The phenomenon of Raman scattering, enhanced Raman scattering and their relevance in forensic investigations was reviewed. Particular emphasis was placed on current applications, experimental considerations relevant to in-situ Raman sampling and the deficiencies of instrumentation commercially available at the time. It was concluded that the development of novel, optimised instrumentation was
essential in the application of Raman spectroscopy to portable forensic applications.
The feasibility of achieving molecularly-specific and sensitive detection of TNT vapour using waveguide-enhanced, surface-enhanced resonance Raman spectroscopy was investigated using reference spectra measured using a calibrated optical system provided by a collaborator. Improvements in signal-to-noise ratio afforded by employing waveguide-enhanced sampling, higher excitation power,
long integration times and an improved spectrometer design were modelled, experimentally verified, and used to predict a detection limit of 10-16g for saturated vapour-phase TNT. The theoretical performance of the optical instrument is
described and verified using experimentally measured data.

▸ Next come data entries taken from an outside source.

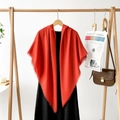 Detail of red hooded shawl with frayed edges and fringe in elegant cashmere-like texture - Orange Red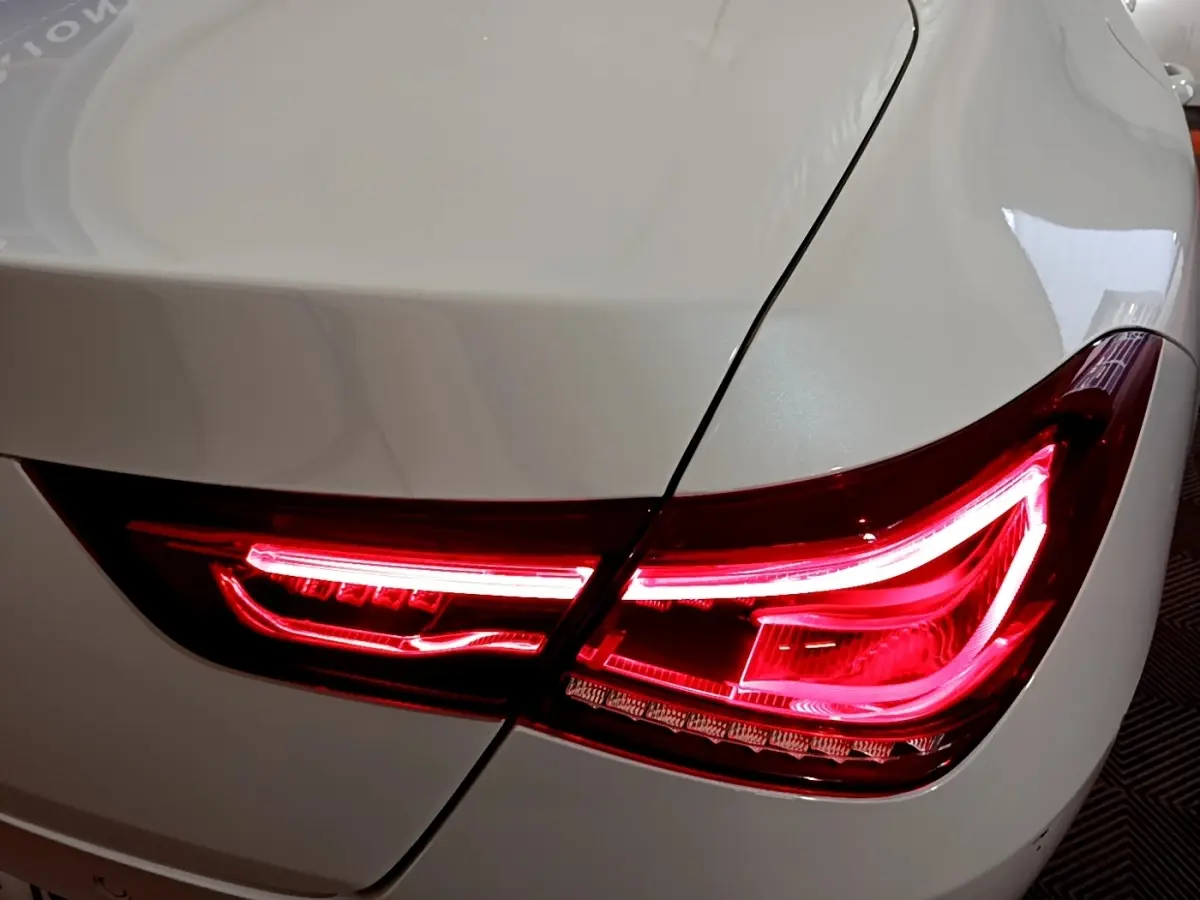 Gros plan sur le feu arrière droit rouge allumé d’une Mercedes CLA 200 d Business Line blanche.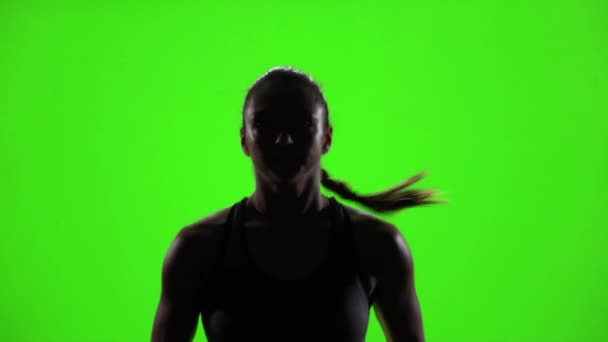 Athletic fitness woman running. Front view. Green screen. Slow motion — Stock video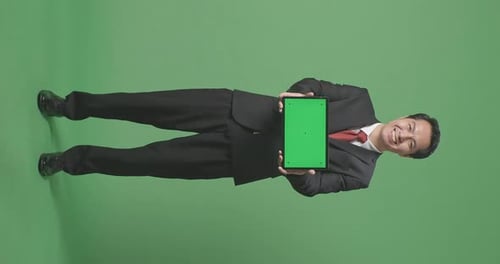 Full Body Of Asian Business Man Showing Tablet Green Screen On Green Screen Background In The Studio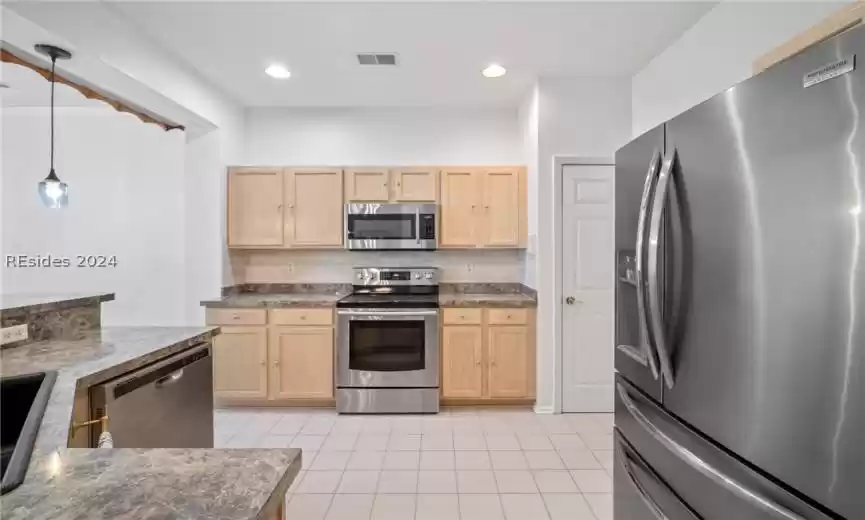 Kitchen with decorative light fixtures, appliances with stainless steel finishes, light tile floors, and light brown cabinets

The feasibility of conducting specific and sensitive long-range stand-off covert observation operations against unsuspecting targets in compliance with the UK Regulation of Investigative Powers act was established using a task-optimised laboratory simulation. Using a 5mW visible excitation, short integration times (under 20s) and multiplex detection it was possible to detect and identify a tagged object from a range of up to 50m. The feasibility study yielded a robust prototype handheld system comprising a modified telephoto camera with the integrated capability of sample discrimination using Raman spectroscopy. The instrument design is described.